There was a loss, Kyle wouldn’t be the person I thought he would be. There was so much gut wrenching pain in that, each time it would hit me of things we wouldn’t experience together it would be a new wave of emotion.
There is a huge difference between existing and living. For much of the last 8 years our family was breathing and existing but we weren’t living. I was disengaged most of the time, trying to escape reality by being over involved in work, projects, and leisure enjoyments. There were many titles and roles I was comfortable with but father of a special needs child was not one of them. I didn’t have a road map for what I was supposed to do or how to act.
Then the summer of 2011 came. There were two catalytic moments that changed our (specifically my) life and our relationship to Duchene’s. The first was going to a family camp put on for special needs families by Joni and Friend’s ministry. Our church had tried talk our family into going for 3 years. I had drug my feet and not wanted to do it, I was very uncomfortable with the thought of going to a place where I would have to face reality for a week. I was voted down 4-1 in our family vote for attending the camp. It was that week that began the reengagement for me. Seeing and meeting other fathers who had dealt with the same moments I had was therapeutic. We laughed, cried and bonded so quickly over our common crisis in life. Seeing these examples was what I needed.
The other moment that changed our perspective was when we received a call from a local foot doctor who asked if he could have Kyle do a sprint triathlon with him. We(I) had focused so long on Kyle’s limitation that we had not allowed him to live life. The triathlon opened up possibilities that we never had thought of before. After the triathlon Kyle began asking to do activities like sky diving he had never known before. Our conversations began to center on how Kyle can do something rather than lamenting why he couldn’t.
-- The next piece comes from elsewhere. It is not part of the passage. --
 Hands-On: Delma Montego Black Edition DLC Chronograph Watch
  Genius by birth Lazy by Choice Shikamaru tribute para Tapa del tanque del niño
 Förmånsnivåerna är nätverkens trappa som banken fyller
Today is such an important day in Kyle’s life, because we can’t wait. We can’t wish that he didn’t have this disease, we can’t feel sorry for ourselves or for Kyle.
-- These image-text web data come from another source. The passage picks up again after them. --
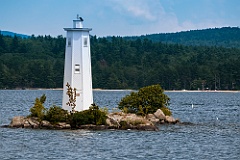 Loon Island Lighthouse on Lake Sunapee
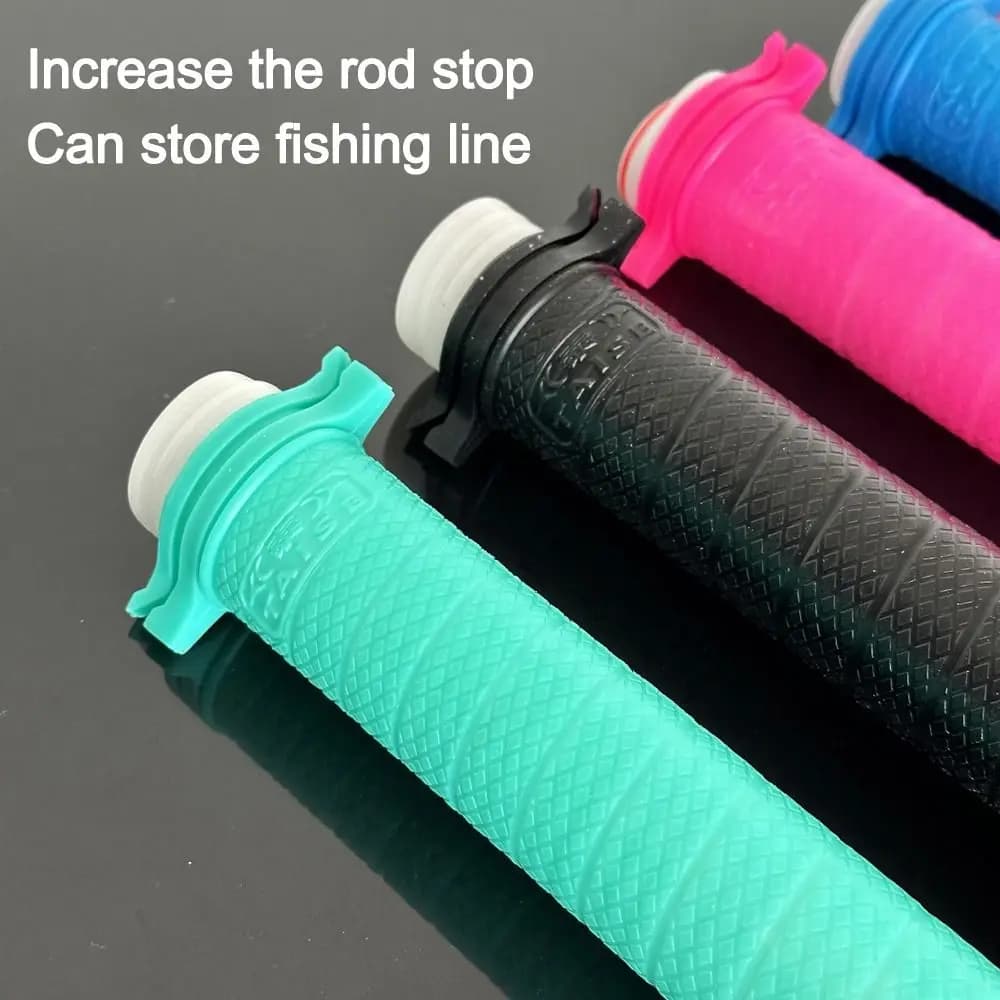 Silicone fishing rod handle, universal non-slip cover for fishing rod handle, replaceable, sweat absorbent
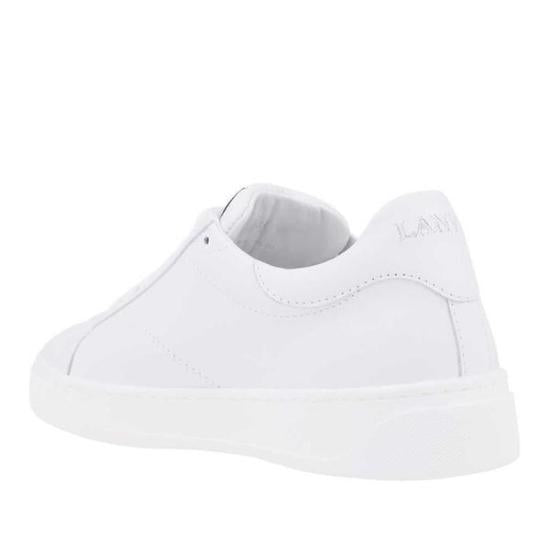 Lanvin Leather Low-Top Sneakers White FWSKDK0AGOTE 0000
Matthew 6:34- “So don't worry about tomorrow, for tomorrow will bring its own worries. Today's trouble is enough for today.”
We can’t wake up every morning scared of the future, we can’t dwell on all the horrific moments, but rather have peace in the moments of today. Today is a great day, we have the privilege and opportunity to spend it with Kyle. Each day brings laughs, tears, moments that will never be forgotten.
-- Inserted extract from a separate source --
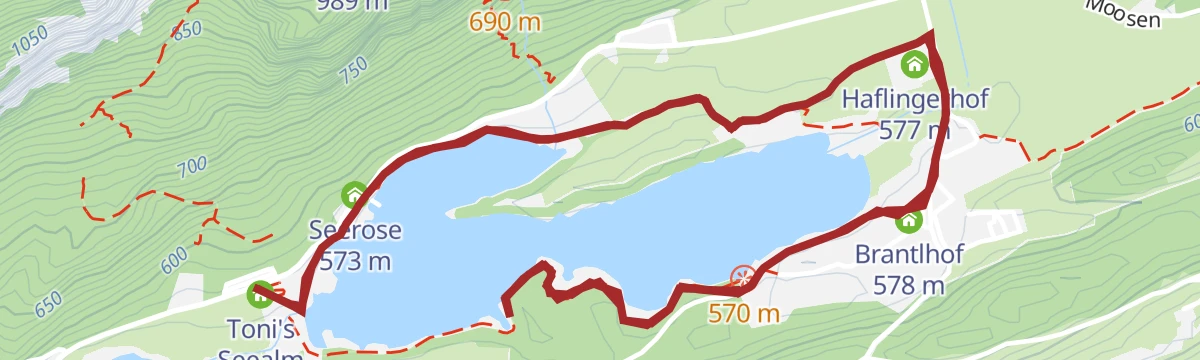 Barrierefreier Wanderweg entlang des Reintalersees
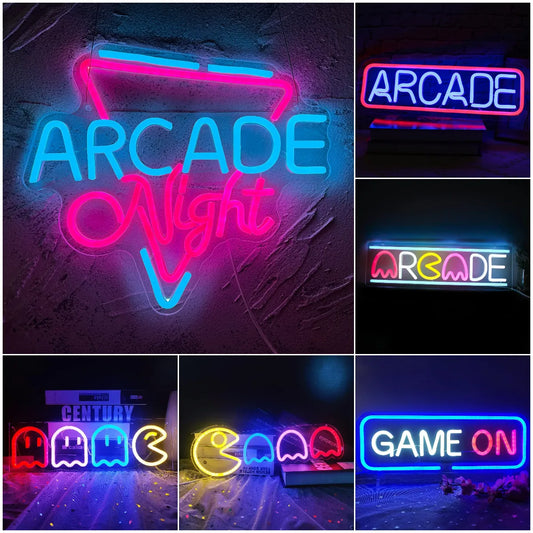 Arcade Night Custom Neon Sign Led Lights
I have missed out on moments in Kyle’s life do to my fear and trepidation about his future. No his life didn’t turn out the way I expected but no child’s does. I believe that Kyle is fearfully and wonderfully made by a creator who knows and loves him. Jill and I have been entrusted with Kyle’s life and as difficult it is we have made the choice that we are going to live one day at a time and not allow Duchene’s to have the last word in our life. Yes it is a reality, but it is not going to steal our joy, peace, and break up our family. Kyle will have a great day today and that is what we are going to focus on.